__Problem description__:
Transcribe exactly the lines that fall between the one holding "Penthouse Rooftop Jacuzzi" and the one holding "Snapshot of annietinky", inclusive, from the entries below.

__Recorded information__:
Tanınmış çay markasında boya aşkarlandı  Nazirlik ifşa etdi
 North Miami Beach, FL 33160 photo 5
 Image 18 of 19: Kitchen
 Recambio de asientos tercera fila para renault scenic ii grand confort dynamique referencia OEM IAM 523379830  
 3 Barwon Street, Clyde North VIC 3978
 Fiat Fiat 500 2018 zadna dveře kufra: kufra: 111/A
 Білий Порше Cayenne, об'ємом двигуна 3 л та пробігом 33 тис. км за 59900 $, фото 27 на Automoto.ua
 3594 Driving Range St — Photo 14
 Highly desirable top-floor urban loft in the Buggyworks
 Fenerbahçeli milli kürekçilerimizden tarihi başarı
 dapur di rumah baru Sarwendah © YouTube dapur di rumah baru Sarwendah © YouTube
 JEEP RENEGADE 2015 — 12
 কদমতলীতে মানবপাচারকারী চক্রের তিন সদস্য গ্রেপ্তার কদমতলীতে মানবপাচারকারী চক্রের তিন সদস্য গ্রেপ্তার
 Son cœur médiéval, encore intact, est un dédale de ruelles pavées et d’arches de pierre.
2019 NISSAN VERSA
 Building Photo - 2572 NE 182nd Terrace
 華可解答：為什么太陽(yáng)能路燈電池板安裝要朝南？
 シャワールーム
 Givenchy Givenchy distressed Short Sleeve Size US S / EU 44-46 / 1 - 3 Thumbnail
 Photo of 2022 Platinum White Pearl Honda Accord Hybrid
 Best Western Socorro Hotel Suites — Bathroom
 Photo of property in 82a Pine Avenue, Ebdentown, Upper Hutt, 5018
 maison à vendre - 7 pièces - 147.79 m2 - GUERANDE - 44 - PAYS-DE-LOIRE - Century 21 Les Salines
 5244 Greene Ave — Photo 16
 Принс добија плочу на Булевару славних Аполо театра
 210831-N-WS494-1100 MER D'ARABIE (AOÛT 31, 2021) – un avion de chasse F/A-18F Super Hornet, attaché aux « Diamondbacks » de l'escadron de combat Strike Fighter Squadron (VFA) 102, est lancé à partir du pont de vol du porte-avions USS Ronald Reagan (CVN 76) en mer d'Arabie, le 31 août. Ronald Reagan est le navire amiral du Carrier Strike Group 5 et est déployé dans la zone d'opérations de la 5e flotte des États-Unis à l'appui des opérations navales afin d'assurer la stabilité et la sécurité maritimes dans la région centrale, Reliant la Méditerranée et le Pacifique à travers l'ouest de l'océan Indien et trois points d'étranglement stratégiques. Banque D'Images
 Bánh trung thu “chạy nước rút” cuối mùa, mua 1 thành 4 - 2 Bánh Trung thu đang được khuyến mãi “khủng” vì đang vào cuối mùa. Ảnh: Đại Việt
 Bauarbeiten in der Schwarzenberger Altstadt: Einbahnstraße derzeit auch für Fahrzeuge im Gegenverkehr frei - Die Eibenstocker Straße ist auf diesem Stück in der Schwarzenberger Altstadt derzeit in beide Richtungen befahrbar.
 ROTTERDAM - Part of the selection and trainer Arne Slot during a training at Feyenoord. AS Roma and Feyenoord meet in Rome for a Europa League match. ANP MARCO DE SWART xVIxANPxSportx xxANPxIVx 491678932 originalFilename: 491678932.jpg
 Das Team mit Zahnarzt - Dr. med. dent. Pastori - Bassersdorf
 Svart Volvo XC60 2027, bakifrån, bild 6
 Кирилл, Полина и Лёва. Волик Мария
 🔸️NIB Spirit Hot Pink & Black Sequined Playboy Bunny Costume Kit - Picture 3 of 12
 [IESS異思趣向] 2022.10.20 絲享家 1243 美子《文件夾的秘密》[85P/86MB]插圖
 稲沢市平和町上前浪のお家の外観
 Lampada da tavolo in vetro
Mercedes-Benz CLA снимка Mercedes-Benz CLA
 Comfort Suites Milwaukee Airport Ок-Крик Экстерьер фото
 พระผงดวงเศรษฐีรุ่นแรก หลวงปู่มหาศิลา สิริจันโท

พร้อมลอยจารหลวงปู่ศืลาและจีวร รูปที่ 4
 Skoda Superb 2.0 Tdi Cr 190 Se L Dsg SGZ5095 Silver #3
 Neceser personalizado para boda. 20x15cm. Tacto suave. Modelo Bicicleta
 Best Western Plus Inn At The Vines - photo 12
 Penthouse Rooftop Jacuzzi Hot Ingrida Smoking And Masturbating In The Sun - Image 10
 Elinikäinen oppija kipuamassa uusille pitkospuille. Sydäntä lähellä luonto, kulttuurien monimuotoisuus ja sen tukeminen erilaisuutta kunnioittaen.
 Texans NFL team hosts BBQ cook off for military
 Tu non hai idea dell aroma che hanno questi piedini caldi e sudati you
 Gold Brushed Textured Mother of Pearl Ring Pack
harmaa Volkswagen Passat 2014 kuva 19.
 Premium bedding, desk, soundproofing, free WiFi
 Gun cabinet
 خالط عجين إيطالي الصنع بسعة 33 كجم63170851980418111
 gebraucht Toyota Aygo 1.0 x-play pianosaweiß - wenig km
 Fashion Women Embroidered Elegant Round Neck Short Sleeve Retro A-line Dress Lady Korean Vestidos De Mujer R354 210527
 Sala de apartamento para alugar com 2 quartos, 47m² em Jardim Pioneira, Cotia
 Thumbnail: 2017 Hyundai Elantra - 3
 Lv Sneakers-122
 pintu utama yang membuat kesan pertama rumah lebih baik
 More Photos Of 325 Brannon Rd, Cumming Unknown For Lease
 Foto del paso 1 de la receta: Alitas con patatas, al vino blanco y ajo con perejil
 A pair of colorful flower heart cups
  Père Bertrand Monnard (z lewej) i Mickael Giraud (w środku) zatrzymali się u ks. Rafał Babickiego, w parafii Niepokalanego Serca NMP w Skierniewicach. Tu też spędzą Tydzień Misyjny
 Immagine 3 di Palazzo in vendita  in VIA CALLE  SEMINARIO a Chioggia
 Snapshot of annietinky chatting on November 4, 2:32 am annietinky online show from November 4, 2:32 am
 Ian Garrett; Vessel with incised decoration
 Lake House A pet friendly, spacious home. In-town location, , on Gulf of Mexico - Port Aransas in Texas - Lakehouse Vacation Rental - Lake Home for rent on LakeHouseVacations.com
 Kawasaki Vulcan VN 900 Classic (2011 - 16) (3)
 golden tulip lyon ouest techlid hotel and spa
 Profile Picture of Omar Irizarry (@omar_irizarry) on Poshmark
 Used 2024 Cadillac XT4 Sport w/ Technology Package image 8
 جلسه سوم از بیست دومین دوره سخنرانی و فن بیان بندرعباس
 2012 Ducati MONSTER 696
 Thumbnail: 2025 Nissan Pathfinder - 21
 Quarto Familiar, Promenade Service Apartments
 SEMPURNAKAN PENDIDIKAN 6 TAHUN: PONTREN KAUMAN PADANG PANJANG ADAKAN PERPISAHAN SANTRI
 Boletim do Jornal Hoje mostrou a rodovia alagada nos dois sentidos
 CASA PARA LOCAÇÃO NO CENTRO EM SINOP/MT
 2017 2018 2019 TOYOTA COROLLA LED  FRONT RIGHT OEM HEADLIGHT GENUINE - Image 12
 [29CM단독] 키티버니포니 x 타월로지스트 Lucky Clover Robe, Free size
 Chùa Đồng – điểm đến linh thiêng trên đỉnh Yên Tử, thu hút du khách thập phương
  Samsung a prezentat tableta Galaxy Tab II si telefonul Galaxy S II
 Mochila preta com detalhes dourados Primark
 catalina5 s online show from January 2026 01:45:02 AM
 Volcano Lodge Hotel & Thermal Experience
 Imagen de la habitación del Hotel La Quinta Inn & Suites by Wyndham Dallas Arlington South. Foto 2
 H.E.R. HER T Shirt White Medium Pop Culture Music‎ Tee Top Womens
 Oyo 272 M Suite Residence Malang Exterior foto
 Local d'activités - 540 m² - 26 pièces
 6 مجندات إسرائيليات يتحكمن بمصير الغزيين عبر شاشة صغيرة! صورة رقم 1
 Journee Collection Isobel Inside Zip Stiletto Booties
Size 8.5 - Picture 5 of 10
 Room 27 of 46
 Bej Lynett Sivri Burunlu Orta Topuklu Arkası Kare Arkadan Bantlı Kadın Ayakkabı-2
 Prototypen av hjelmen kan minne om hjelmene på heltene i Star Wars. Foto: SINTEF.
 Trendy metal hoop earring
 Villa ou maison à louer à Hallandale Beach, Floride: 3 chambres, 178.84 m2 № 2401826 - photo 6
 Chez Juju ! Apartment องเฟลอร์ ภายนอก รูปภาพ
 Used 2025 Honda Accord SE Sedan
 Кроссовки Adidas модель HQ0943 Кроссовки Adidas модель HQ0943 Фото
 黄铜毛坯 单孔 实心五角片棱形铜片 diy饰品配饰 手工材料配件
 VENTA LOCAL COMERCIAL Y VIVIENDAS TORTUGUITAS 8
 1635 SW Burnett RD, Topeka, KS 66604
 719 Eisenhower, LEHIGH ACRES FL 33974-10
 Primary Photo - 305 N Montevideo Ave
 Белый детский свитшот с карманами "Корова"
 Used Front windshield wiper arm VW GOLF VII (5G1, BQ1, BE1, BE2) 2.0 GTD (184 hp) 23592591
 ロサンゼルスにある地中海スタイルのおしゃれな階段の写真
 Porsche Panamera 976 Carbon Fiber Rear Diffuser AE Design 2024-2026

__Solution to this task__:
 Penthouse Rooftop Jacuzzi Hot Ingrida Smoking And Masturbating In The Sun - Image 10
 Elinikäinen oppija kipuamassa uusille pitkospuille. Sydäntä lähellä luonto, kulttuurien monimuotoisuus ja sen tukeminen erilaisuutta kunnioittaen.
 Texans NFL team hosts BBQ cook off for military
 Tu non hai idea dell aroma che hanno questi piedini caldi e sudati you
 Gold Brushed Textured Mother of Pearl Ring Pack
harmaa Volkswagen Passat 2014 kuva 19.
 Premium bedding, desk, soundproofing, free WiFi
 Gun cabinet
 خالط عجين إيطالي الصنع بسعة 33 كجم63170851980418111
 gebraucht Toyota Aygo 1.0 x-play pianosaweiß - wenig km
 Fashion Women Embroidered Elegant Round Neck Short Sleeve Retro A-line Dress Lady Korean Vestidos De Mujer R354 210527
 Sala de apartamento para alugar com 2 quartos, 47m² em Jardim Pioneira, Cotia
 Thumbnail: 2017 Hyundai Elantra - 3
 Lv Sneakers-122
 pintu utama yang membuat kesan pertama rumah lebih baik
 More Photos Of 325 Brannon Rd, Cumming Unknown For Lease
 Foto del paso 1 de la receta: Alitas con patatas, al vino blanco y ajo con perejil
 A pair of colorful flower heart cups
  Père Bertrand Monnard (z lewej) i Mickael Giraud (w środku) zatrzymali się u ks. Rafał Babickiego, w parafii Niepokalanego Serca NMP w Skierniewicach. Tu też spędzą Tydzień Misyjny
 Immagine 3 di Palazzo in vendita  in VIA CALLE  SEMINARIO a Chioggia
 Snapshot of annietinky chatting on November 4, 2:32 am annietinky online show from November 4, 2:32 am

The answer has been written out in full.